Records from a dataset:
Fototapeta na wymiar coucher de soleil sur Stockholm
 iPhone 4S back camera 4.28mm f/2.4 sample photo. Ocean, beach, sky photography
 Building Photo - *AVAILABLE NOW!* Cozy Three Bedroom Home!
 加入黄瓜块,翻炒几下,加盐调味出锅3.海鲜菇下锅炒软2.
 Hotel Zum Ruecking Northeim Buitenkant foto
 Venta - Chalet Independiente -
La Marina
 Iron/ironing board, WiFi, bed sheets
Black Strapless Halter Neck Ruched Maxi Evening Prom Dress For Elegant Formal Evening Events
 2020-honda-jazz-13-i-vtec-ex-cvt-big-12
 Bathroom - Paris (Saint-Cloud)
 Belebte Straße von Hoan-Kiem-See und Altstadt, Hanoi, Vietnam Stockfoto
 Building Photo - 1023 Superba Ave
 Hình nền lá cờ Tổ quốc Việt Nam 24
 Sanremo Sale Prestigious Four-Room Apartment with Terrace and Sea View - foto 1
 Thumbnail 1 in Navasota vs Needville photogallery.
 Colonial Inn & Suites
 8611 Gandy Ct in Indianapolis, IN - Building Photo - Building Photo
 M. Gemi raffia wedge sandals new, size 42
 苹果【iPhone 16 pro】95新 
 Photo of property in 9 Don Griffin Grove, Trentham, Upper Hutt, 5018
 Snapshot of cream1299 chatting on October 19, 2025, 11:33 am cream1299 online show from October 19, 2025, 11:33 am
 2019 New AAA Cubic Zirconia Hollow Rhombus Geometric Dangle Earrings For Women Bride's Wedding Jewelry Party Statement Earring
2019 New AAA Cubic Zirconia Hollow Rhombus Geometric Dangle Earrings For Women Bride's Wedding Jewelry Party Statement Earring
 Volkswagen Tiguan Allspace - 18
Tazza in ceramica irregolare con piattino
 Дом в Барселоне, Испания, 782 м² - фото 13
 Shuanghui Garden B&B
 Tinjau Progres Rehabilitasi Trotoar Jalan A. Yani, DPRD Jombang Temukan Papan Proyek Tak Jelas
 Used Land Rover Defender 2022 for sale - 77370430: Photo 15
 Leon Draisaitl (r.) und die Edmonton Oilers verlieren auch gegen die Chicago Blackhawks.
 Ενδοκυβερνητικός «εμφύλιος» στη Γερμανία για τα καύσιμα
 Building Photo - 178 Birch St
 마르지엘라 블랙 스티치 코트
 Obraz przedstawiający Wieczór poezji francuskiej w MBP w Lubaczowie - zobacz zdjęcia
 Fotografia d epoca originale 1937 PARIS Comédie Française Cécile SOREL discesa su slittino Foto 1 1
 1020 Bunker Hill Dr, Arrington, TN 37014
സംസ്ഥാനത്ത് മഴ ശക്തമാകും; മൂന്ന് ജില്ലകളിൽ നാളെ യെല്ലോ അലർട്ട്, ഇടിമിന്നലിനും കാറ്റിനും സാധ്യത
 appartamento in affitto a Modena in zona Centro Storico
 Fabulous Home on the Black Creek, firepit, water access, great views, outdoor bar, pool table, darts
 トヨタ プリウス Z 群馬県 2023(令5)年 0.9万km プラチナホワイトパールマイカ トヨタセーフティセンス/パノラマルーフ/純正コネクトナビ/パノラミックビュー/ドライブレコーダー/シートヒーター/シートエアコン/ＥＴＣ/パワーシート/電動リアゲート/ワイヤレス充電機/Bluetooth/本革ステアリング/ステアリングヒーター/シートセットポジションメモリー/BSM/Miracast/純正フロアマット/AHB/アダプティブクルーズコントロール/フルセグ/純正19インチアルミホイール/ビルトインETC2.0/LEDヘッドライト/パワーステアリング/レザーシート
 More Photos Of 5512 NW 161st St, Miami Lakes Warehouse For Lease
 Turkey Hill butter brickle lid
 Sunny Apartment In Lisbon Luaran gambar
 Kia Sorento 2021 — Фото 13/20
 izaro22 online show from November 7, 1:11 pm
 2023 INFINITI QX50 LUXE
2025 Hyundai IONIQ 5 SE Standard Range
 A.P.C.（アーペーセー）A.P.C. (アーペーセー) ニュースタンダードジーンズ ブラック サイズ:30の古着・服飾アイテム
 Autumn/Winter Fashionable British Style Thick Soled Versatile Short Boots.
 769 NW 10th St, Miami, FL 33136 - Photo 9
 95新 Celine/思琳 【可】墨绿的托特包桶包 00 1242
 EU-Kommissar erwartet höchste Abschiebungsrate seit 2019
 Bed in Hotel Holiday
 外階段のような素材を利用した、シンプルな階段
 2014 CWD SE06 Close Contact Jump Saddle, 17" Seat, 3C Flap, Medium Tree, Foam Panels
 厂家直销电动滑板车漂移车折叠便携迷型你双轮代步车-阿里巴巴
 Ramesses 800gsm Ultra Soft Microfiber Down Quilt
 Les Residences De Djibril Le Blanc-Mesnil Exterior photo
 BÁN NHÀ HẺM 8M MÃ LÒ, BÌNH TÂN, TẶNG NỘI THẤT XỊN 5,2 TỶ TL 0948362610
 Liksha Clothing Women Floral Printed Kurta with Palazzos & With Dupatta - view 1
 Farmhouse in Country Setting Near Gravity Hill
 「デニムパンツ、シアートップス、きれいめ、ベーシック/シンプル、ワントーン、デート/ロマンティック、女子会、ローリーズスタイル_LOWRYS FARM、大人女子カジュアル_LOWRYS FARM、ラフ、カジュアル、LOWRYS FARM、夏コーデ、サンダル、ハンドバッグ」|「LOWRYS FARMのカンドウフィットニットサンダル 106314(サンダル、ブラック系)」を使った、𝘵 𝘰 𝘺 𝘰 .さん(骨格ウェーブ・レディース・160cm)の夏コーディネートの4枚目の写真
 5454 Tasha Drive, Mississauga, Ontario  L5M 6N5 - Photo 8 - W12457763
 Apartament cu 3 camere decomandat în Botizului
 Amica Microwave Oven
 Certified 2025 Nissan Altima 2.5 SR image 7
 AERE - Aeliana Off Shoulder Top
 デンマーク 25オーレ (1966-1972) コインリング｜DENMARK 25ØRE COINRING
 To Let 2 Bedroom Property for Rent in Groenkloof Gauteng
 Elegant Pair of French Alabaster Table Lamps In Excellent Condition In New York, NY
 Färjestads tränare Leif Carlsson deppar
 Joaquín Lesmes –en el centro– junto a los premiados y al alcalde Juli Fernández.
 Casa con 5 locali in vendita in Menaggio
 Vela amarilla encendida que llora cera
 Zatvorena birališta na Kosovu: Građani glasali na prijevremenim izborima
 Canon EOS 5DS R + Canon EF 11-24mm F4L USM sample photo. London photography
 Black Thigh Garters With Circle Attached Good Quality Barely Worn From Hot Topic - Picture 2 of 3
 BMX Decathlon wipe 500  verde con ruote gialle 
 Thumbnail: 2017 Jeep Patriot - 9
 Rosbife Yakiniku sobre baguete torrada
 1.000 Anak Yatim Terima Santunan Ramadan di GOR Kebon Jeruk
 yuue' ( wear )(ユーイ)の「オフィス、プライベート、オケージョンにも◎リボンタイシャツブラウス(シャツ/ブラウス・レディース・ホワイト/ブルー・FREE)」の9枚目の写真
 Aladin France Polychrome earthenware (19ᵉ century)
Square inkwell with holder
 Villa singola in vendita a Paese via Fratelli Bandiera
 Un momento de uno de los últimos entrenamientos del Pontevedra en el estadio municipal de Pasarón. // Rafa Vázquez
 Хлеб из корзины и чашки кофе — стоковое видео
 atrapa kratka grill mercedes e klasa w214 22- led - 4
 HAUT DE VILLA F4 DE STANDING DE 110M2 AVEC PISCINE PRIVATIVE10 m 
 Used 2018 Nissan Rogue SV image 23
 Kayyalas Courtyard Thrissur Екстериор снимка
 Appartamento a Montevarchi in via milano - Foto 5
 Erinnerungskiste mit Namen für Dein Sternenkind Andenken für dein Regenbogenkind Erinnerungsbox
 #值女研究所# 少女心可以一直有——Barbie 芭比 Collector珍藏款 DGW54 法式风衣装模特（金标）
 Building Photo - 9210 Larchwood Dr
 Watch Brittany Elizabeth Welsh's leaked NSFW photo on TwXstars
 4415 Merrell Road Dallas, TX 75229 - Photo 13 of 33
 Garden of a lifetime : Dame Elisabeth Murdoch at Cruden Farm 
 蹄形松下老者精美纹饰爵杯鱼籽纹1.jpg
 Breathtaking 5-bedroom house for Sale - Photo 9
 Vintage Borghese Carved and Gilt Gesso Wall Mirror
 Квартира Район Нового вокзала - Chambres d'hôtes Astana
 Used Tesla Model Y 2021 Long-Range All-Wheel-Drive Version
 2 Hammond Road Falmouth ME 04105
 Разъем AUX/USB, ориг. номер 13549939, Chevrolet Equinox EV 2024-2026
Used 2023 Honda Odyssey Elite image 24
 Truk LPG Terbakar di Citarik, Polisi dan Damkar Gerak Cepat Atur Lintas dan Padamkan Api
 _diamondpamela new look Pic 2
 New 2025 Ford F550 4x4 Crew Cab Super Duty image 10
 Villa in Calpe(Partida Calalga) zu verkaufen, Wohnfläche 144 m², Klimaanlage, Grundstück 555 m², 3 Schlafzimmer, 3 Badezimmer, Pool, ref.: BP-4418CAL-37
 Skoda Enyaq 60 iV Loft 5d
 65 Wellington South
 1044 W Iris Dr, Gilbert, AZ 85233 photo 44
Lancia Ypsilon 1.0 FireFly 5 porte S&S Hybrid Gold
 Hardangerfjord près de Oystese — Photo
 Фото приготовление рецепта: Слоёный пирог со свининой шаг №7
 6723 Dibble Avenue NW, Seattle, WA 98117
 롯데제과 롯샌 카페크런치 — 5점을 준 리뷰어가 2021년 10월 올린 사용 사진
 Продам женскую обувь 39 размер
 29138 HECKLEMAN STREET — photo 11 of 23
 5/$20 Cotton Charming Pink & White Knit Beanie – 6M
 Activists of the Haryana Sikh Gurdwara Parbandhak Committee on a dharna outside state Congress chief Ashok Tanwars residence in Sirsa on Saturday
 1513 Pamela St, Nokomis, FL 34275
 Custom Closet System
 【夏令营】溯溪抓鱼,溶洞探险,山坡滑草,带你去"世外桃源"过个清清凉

* _TASK ITEM_
Collect every line from the records above that contains the word "レディース".

* _TASK ANSWER_
 「デニムパンツ、シアートップス、きれいめ、ベーシック/シンプル、ワントーン、デート/ロマンティック、女子会、ローリーズスタイル_LOWRYS FARM、大人女子カジュアル_LOWRYS FARM、ラフ、カジュアル、LOWRYS FARM、夏コーデ、サンダル、ハンドバッグ」|「LOWRYS FARMのカンドウフィットニットサンダル 106314(サンダル、ブラック系)」を使った、𝘵 𝘰 𝘺 𝘰 .さん(骨格ウェーブ・レディース・160cm)の夏コーディネートの4枚目の写真
 yuue' ( wear )(ユーイ)の「オフィス、プライベート、オケージョンにも◎リボンタイシャツブラウス(シャツ/ブラウス・レディース・ホワイト/ブルー・FREE)」の9枚目の写真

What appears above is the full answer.